--- Records for this task Enclosed Below ---

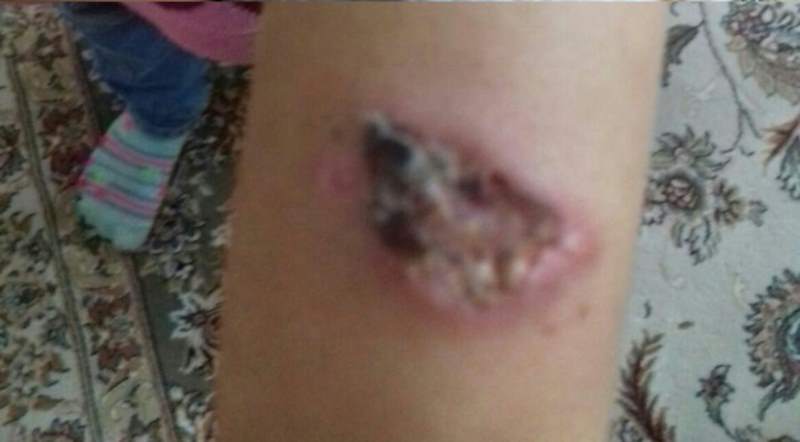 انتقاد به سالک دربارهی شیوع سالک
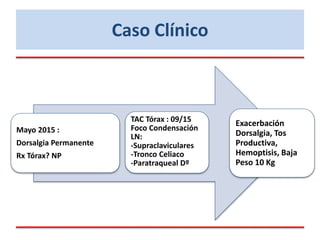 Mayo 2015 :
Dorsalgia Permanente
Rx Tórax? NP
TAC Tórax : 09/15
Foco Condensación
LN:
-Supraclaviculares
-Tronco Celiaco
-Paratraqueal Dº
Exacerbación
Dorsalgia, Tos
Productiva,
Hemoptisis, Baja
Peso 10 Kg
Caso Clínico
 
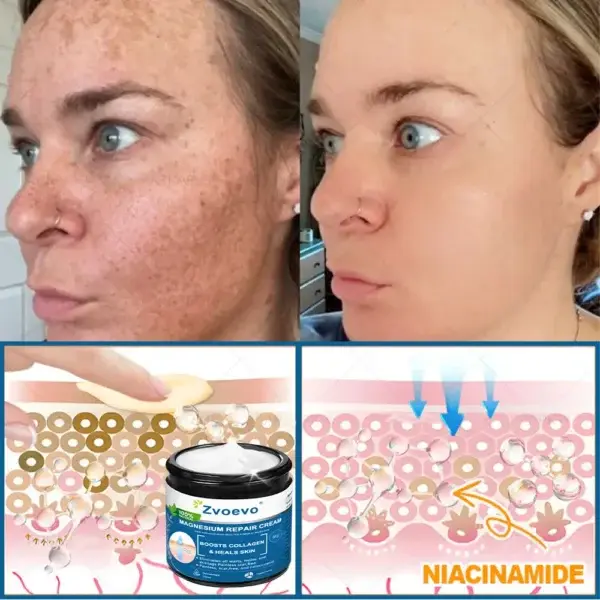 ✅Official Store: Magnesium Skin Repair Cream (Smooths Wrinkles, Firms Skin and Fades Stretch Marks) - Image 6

--- End of Enclosed Records for this task ---

Task details:
Only the text of the records belongs in your answer, copied exactly as it appears above.

Exercise solution:
 انتقاد به سالک دربارهی شیوع سالک
 Mayo 2015 :
Dorsalgia Permanente
Rx Tórax? NP
TAC Tórax : 09/15
Foco Condensación
LN:
-Supraclaviculares
-Tronco Celiaco
-Paratraqueal Dº
Exacerbación
Dorsalgia, Tos
Productiva,
Hemoptisis, Baja
Peso 10 Kg
Caso Clínico
 
 ✅Official Store: Magnesium Skin Repair Cream (Smooths Wrinkles, Firms Skin and Fades Stretch Marks) - Image 6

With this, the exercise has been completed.